A coalition of content interests in China comprising Youku Tudou, Sohu Video, Tencent Video, LeTV, MPA, the Motion Picture Association of America (MPAA), CODA, Wanda Films, Enlight Media and Letv Films have issued a joint declaration (see below) to fight online video infringement and piracy both on PC and mobile Internet in China. Meanwhile, the joint action has revealed that legal action has been taken against Baidu and QVOD for compensation as high as RMB300 million (€36.6m).
Representatives from more than a dozen Chinese and international film and television production companies attended the joint action announcement in Beijing. International attendees included the Motion Picture Association of America, Sony Pictures Entertainment, Warner Brothers, Disney and Paramount. Chinese attendees included the Capital Copyright Industry Alliance Capital Protection Division, the China Radio and Television Association of the Television Production Committee, and many Chinese production companies.
“Since 2009, the video industry is facing a more severe anti-piracy situation,” Sohu Group Chairman and CEO Charles Zhang said. “Especially when those big Internet companies with resource advantages participate in large-scale piracy. We cannot keep competing because where thieves and robbers are having their way, law-abiding companies cannot survive. We may even have to exit online video industry if such practices continue. Nobody will invest in content, and China’s online video industry will face the sad situation as the music industry, which has already been destroyed by piracy, had faced before. The video industry now has walked to crossroad. If to let such industry malpractices continue, it would be a devastating blow to the core of the copyright and creative industries.”

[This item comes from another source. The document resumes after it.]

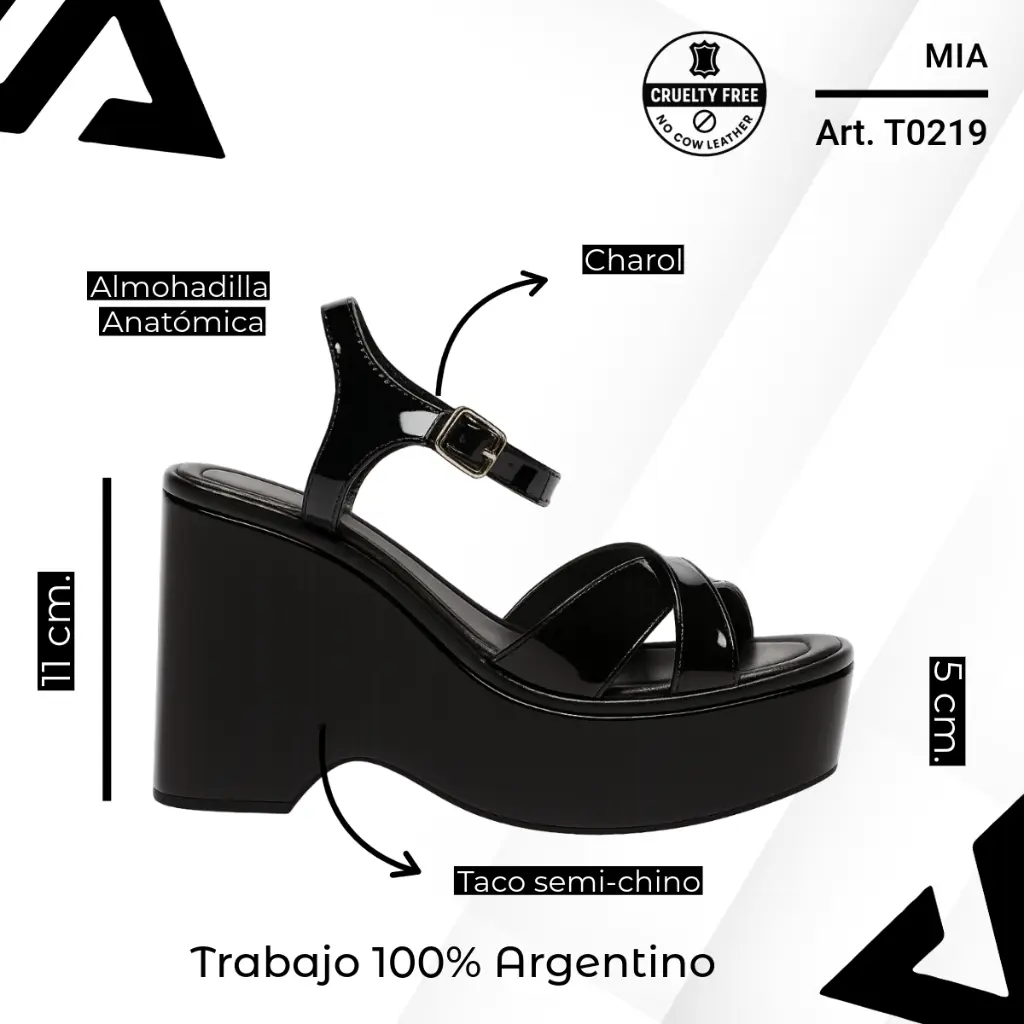 info versa (42).webp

“At present, mainstream video sites through healthy competition and collaboration have established a stable ecosystem, including government regulators, investors, production teams, other interested parties, advertisers, users, etc.,”Youku Tudou Chairman and CEO Victor Koo said. “Among them, the respect of intellectual property and copyright has been a virtuous cycle to maintain the core of this ecosystem, especially in the mobile Internet era. We hope more people can join in, and together, with government, authorities and copyright holders to strengthen cooperation, enhance technical measures, fight against hotlink, combat piracy, and jointly promote the process of genuine network.”
“To be able to provide high quality content to the end user, major legitimate video sites have made a huge investment, and respecting copyright is one of the most important investments,” said SY Lau, Senior Executive Vice President of Tencent and President of its Online Media Group. “Any investment to circumvent copyright and other content shortcuts cannot be accepted as legal and ethical. For infringement, Tencent Video has completed the bulk of notary acts of hotlinking evidence, filed lawsuits against QVOD and will retain rights to take legal actions against Baidu (Video).”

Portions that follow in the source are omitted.